On Christmas Eve, the Estate provided the venue for the Matzo Ball, the annual overnight-camp social-style dance for young single Jews wanting to get shitfaced and laid in Boston. Perhaps I had too many bloody marys at home with Jen before venturing out, but by the time my father dropped us off at the club (couldn't have felt more like a bat-mitzvah--except for the drunk part) all I wanted to do was dance. And it's not just that urge to dance that I always feel when the songs that were popular during my overnight-camp (Pembroke) social days come on, like "Boom Boom Boom" which they did play off of Jock Jams Vol. 2; it's that desire to do nothing but dance, to move, to focus on the physical when the music's loud and any attempt at conversation extends no further than an embarrassing repetition of "what" after the incessant and unnecessary demand,"Hey, what's your name?"

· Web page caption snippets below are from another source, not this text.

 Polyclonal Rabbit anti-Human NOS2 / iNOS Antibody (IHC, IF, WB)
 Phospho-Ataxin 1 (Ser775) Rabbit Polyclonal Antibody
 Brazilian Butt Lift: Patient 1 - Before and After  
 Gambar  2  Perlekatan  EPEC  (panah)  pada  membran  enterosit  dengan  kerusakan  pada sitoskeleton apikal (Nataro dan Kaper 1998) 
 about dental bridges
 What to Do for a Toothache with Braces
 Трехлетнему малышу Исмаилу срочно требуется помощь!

I feel like an idiot saying, "what." I feel like an idiot dancing in a club, but I'd rather be the silent idiot than the one screaming into a stranger's ear that I just love this song and I just love dancing. Perhaps if I had wanted to have sex with a nice Jewish boy stranger, than I would have made the verbal effort or at least danced closer, slower, deeper, whatever, but you can only make the dance-walk away move or disappear to the bathroom so many times at an event designed to get Jews to procreate and make more Jews before you run out of energy and have to let Mr. Future Business-Exec buy you a drink just to show him what an asshole you really are.

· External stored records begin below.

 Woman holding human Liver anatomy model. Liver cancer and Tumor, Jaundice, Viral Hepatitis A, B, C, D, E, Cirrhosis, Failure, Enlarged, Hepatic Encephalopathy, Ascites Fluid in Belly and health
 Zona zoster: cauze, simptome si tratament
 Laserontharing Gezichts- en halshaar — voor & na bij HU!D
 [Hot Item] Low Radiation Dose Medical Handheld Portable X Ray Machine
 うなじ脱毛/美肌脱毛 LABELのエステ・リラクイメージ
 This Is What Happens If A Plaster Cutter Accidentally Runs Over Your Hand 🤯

I didn't want to get laid. Once I walked into the club, I really wasn't in the mood. And it's not just the emotion-less environment of an atmosphere where there's so much noise, you can't listen to anything, but, this perhaps irrational fear that I'm merely pushed into a too-familiar gene-pool festering with Tay-Sachs. I would never not date someone simply because of the fear that our great-grandfathers studied Talmud together and married their children off to keep business in the family, but ever since I was a six year-old in Hebrew School, various Jewish authorities in my life have repeated over and over that I HAVE to marry a Jew simply because I am a Jew. My parents, on the other hand, could care less whom I fall in love with (within upper-middle class liberal Northeast reasoning, let's be honest) and have never forbade me from following my heart.

My heart, more often than not in my middle- and high-school days, led me to goyim. (I love light eyes and have a weakness for blond hair, as well as WASP mothers that can teach me how to bake things other than kugel.) And after endless Holocaust education (and a lesser amount of pre-WWII antisemitism education), I understood--by middle school--the historical, cultural, and religious reasonings for marrying a Jew, but that illogical rationale of Jew over Love instilled in me by those authorities has now manifested itself in a feeling of boredom and an almost complete lack of desire when placed in Jewish mating environments, like the Matzo Ball.

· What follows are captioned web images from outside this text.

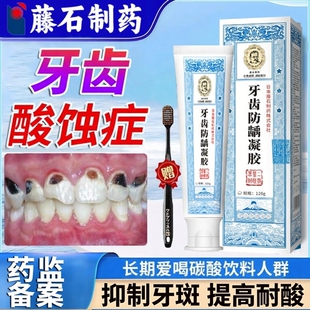 酸蚀症牙黑斑去除祛黑线有牙釉质牙膏非液牙齿敏感酸痛蛀牙DS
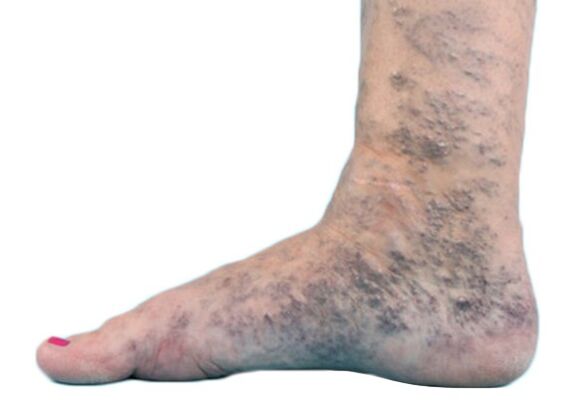Varices sur les jambes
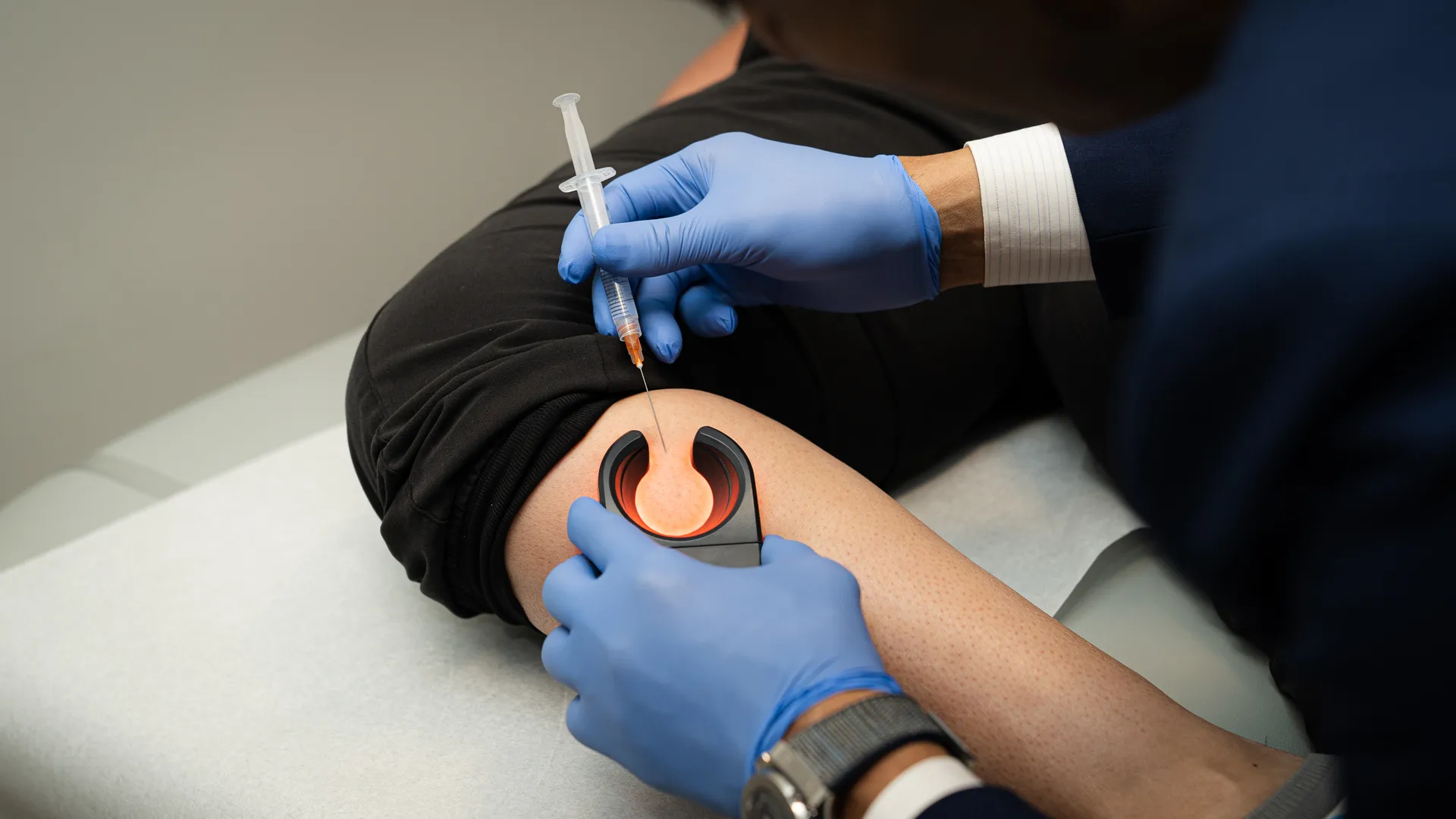 Vein Treatments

I know that I will probably have nice Jewish babies with a nice Jewish boy because of a common social understanding and shared experiences whether or not we marry or divorce, thereby making every rabbi and Hebrew school director I have ever known very happy, not to mention my grandparents who just love when my brother brings home shiksha girlfriends; but knowing that, and knowing that I don't want to make small talk and don't want to just get laid and don't want to make Jew babies just yet, I see no harm in just dancing. And in the immortal words of Jennifer Lynn Reiss: "The world just needs more dance!"